3 It is difficult to appreciate why the Crown, given the strength of its case, chose to embark upon the tender of evidence not directly touching upon the crimes charged which it must have known was at least, arguably inadmissible and, for the reasons given by Barr J, was in fact inadmissible.

4 The strength of the Crown case, absent the purported tendency or coincidence evidence, is so powerful as to have given me significant pause before declining to apply the proviso to s 6(1) of the Criminal Appeal Act and dismissing the appeal. However, in the light of the concession by Crown counsel in the appeal (who did not prosecute in the District Court) and the centrality of the credibility of the appellant to the issues of trial I share the conclusion that it cannot appropriately be applied in this case.

5 I agree with the orders proposed by Barr J.

6 BARR J: This is an appeal by Thomas Douglas Watkins against his conviction following a trial by jury in the District Court on thirty counts, each of which charged that he, being an officer of a body corporate, deposited its cheque to the credit of his own bank account with intent to cheat and defraud the body corporate. The appellant also seeks leave to appeal against the resulting sentences. The Crown appeals against the sentences.

7 The appellant was born on 2 November 1938. He trained and qualified as an accountant. During the early 1990s he was engaged as a consultant to a wholesale timber merchant called Tasman KB Pty Limited (Tasman KB), which was setting up a computer system. In April 1998 he joined the company permanently as financial administrator and accountant. Among his responsibilities was the preparation of cheques for the payment of creditors’ accounts.

8 When the appellant joined Tasman KB it was half-owned by members of the Frost family. Mr Robert Frost was Chairman of Directors. Mr Neil Frost, his son, was an Alternate Director with Robert Frost’s son-in-law, David McAndrew. All three men took an active interest in the management of Tasman KB. Each had authority to sign the company’s cheques.

9 The remainder of the shares in Tasman KB were owned by New Zealand interests. In June 2001 a company called Newkoy, which was jointly owned by Neil Frost and Mr McAndrew, bought out the New Zealand interests. At all material times Mr Gordon Wood, the appellant’s uncle, was company secretary.
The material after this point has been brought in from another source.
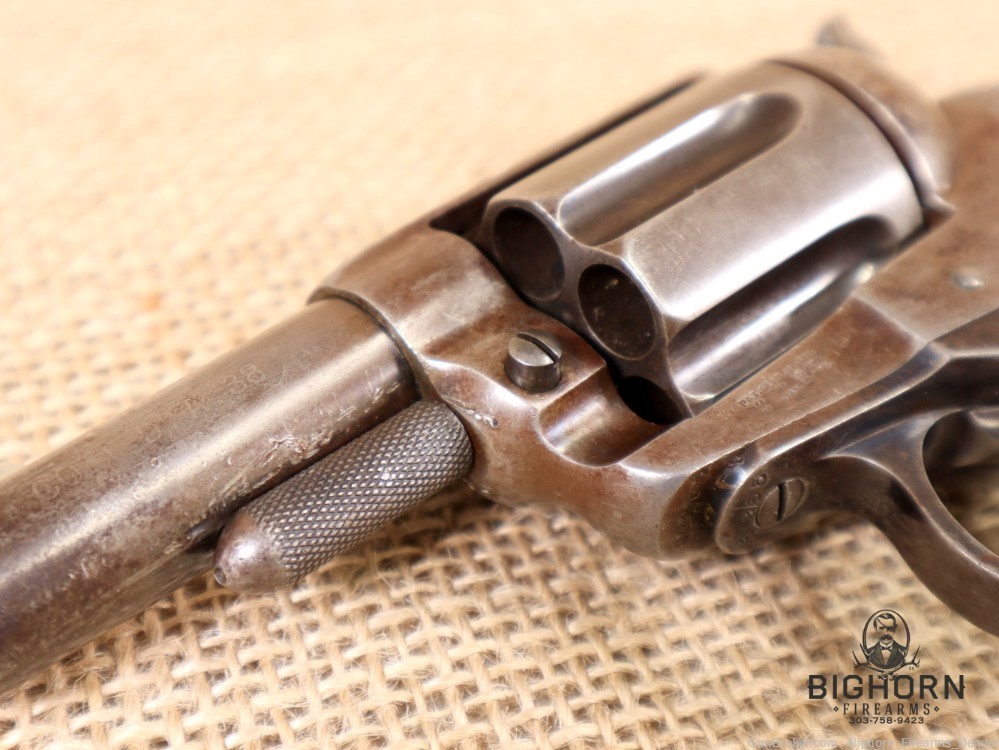 Colt, DA .38 Long Colt, 6-shot "Lightning" Pocket Revolver 2.5"  Mfg. 1880-img-25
10 Tasman KB had a number of bank accounts with Westpac Banking Corporation in Queensland, Victoria and New South Wales. Its principal account, from which funds were drawn to pay creditors, was kept in Brisbane. Payments by Queensland debtors were deposited into that account. Payments by New South Wales and Victorian debtors were deposited into an account at St Marys, Sydney, and funds were routinely transferred from that account to the principal account in Brisbane.
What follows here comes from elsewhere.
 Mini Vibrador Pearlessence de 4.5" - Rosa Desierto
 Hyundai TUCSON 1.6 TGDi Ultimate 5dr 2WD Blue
11 The Crown case was that on each of thirty occasions, the first on 16 July 1999 and the last on 2 April 2002, the appellant hand-wrote on the Brisbane account a cheque payable to “Westpac – St Marys”. He had no authority to sign cheques and asked Mr McAndrew to sign each one. Mr Mc Andrew did so, believing that the appellant was transferring funds from the Brisbane account to Tasman KB’s St Marys account in order to pay creditors. On each occasion the appellant left a gap, varying between two and three centimetres wide, between the printed instruction “Pay” and the name of the payee. After Mr McAndrew had signed each cheque the appellant inserted into that gap his own name, thus: “T Watkins – “. He deposited the thirty cheques into a private account that he had opened at Westpac at St Marys. On two of the cheques he wrote his account number as well as his name. The amounts of the thirty cheques ranged from just under $39,000.00 to more than $240,000.00. The total amount involved was $1, 911, 000.00.
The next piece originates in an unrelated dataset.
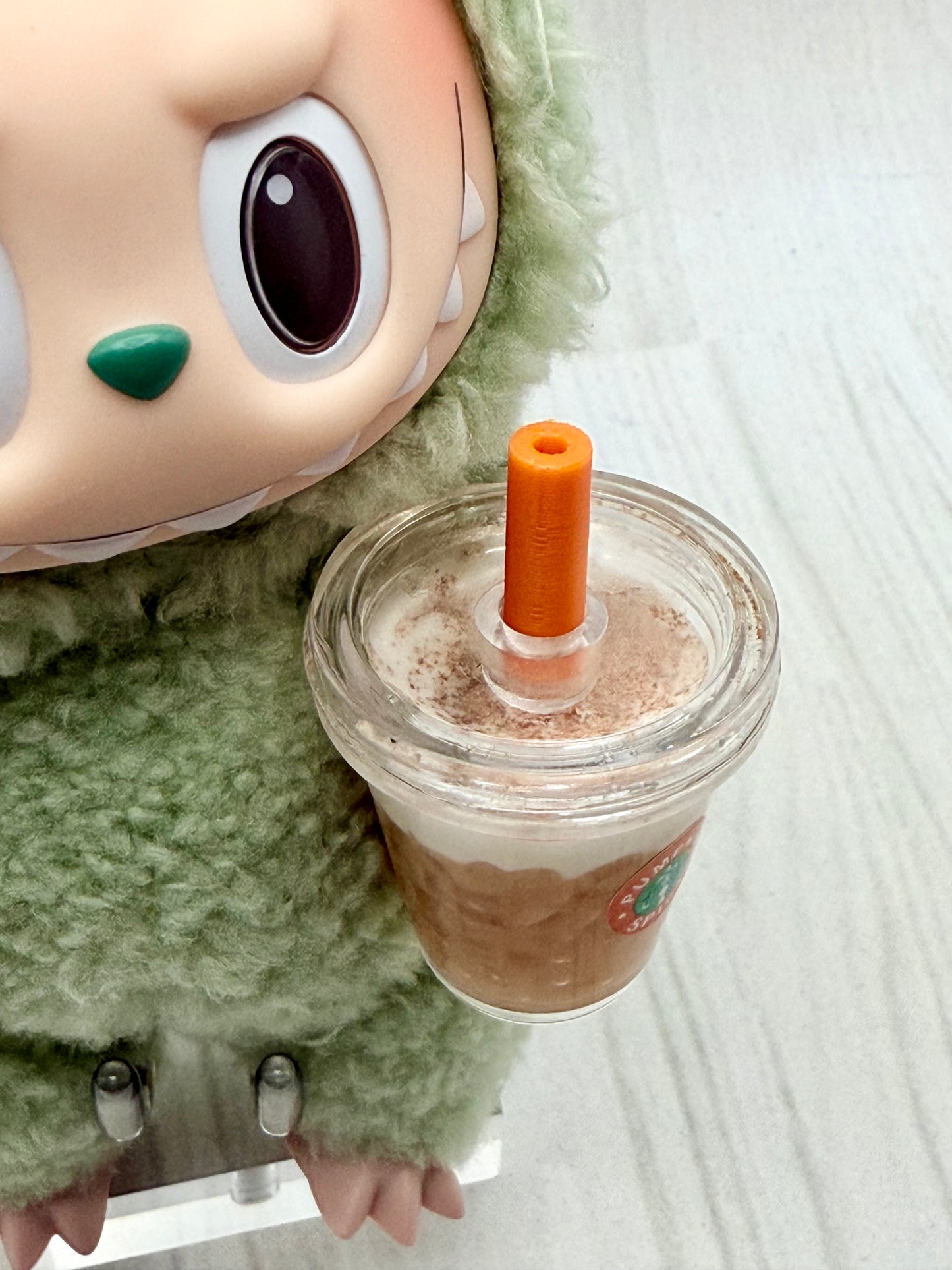 Pumpkin Spice Latte Mini Drink – Hot and Iced Coffee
12 There was abundant evidence, including the evidence of a forensic document examiner, to show that the appellant prepared the cheques in the manner I have summarised. The Court was informed on the hearing of the appeal that the name of the appellant and the remainder of the style of the payee appeared to be written in different inks. In one of the cheques which the Court was shown, Exhibit AS, there was scarcely enough room between the printed instruction “Pay” and the name “Westpac” for the insertion of the appellant’s name.

13 Mr McAndrew gave evidence and said that he believed that the signatures on the cheques were his. He denied that when he had signed them they had borne the appellant’s name as payee.

14 The defence case was not that the appellant had not written the cheques in the manner contended for but that he had done so with the approval of Tasman KB. He gave evidence to that effect. He told the jury that he had found himself unable to pay creditors within a reasonable time because he had been unable to procure signatures on cheques from any of the three signatories. He said that Mr Neil Frost had told him that he was too busy to sign cheques and that he should give him at least twenty-four hours’ notice or have Mr McAndrew sign them. The duties of Mr Robert Frost frequently left him unavailable to sign. Most of the signing was done by Mr McAndrew. He said that during 1999 he spoke to Mr Robert Frost and Mr McAndrew. Mr McAndrew said that he needed more time to devote to other duties and could not afford to be constantly doing administrative work. A few days later, Mr Robert Frost and Mr McAndrew approached the appellant. Mr Frost said that he should make a list of payments required for non-trade creditors, pay a single cheque into his own bank account at St Marys and disburse amounts from that account for the payment of individual creditors.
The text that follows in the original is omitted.